**Description of the task**.
The answer must consist solely of the lines from the line with "ROBLOX Arm Wrestle" to the final line of the data below, reproduced exactly, pictures omitted.

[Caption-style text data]
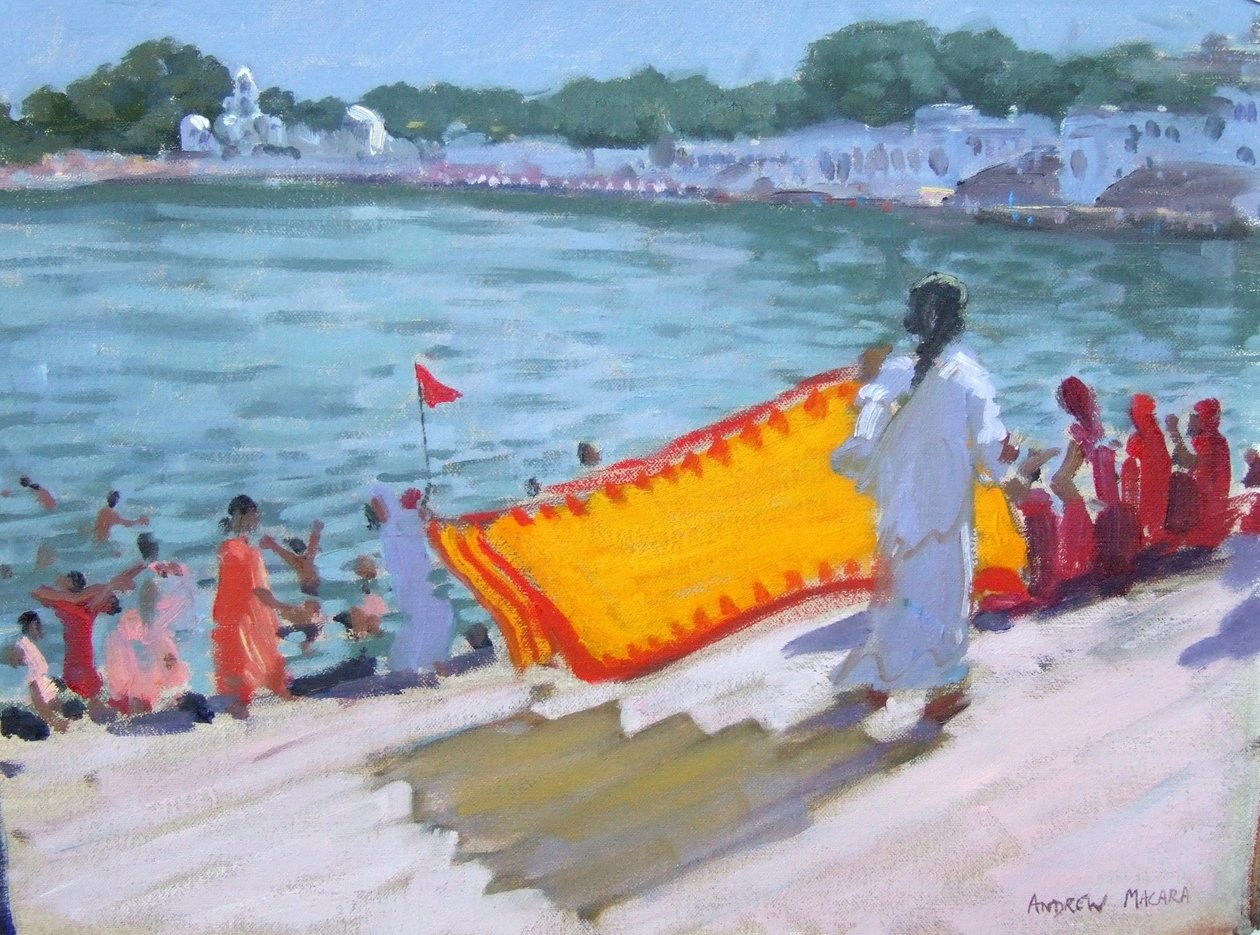 Secagem Sari, Pushkar de Andrew Macara
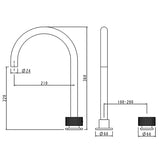 MOON - Chrome Swivel Basin Mixer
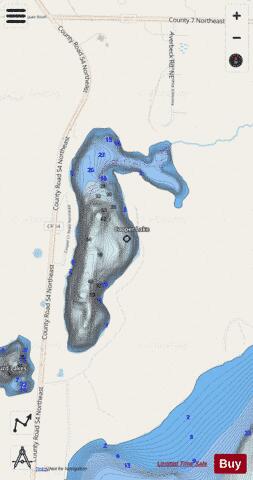 Cooper depth contour Map - i-Boating App - Streets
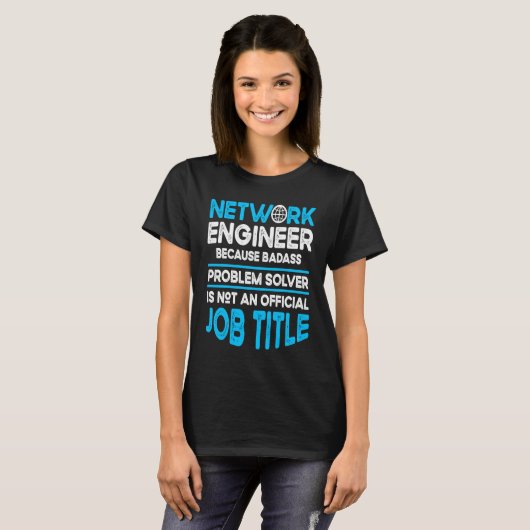 T-shirt Computer Network Engineering Network Engineer 1 (Devant entier)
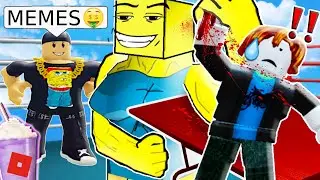 ROBLOX Arm Wrestle Simulator Funny Moments (MEMES)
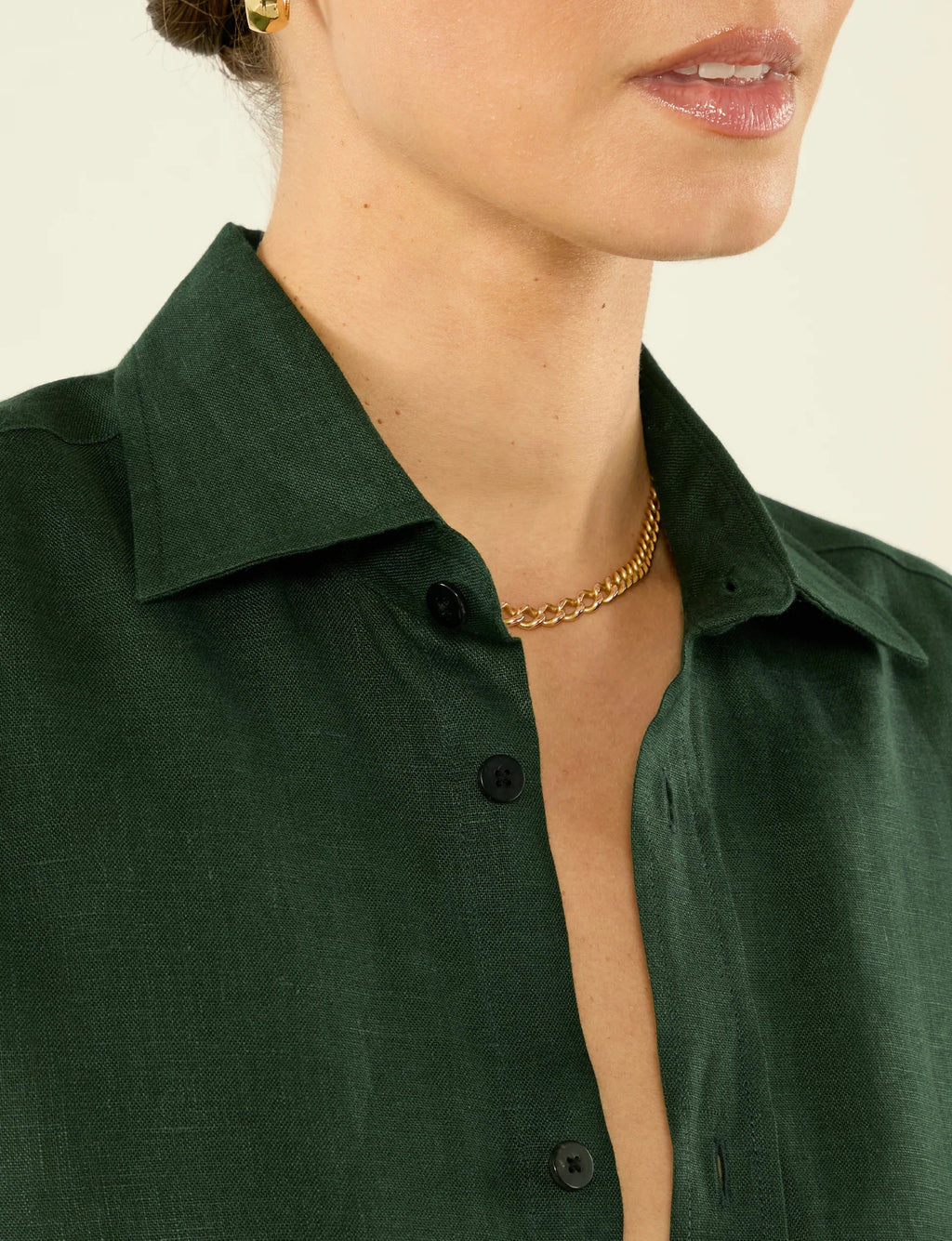 The Boyfriend: Linen, Hunter Green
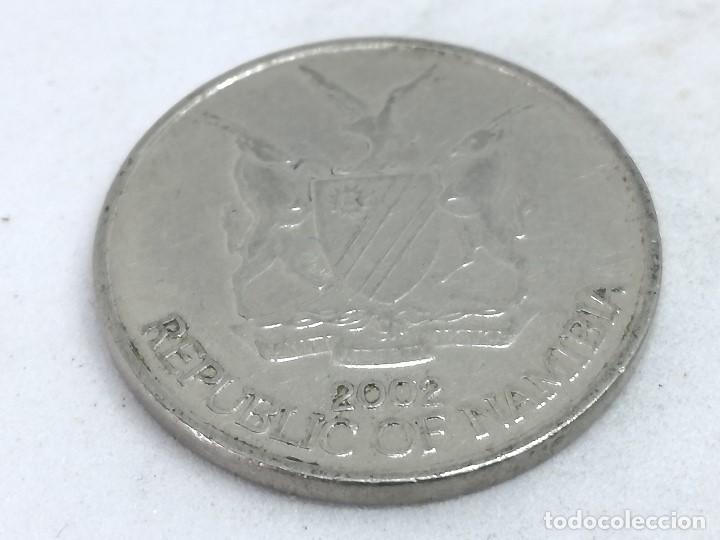 Monedas antiguas de &Aacute;frica: Moneda 2002. 10 C&eacute;ntimos. Namibia. KM 2. MBC - Foto 1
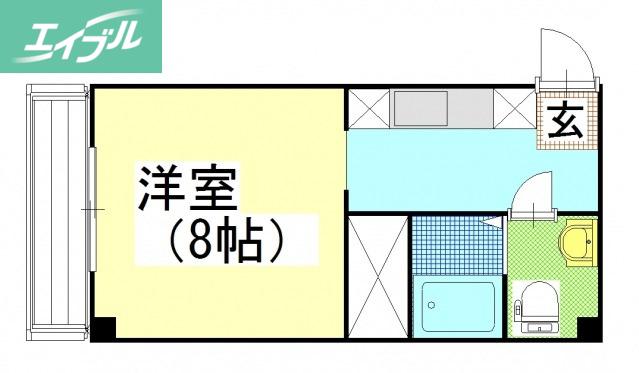 プレアール野田屋町(1K/6階)の間取り写真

**Task response**.
 ROBLOX Arm Wrestle Simulator Funny Moments (MEMES)
 The Boyfriend: Linen, Hunter Green
 Monedas antiguas de &Aacute;frica: Moneda 2002. 10 C&eacute;ntimos. Namibia. KM 2. MBC - Foto 1
 プレアール野田屋町(1K/6階)の間取り写真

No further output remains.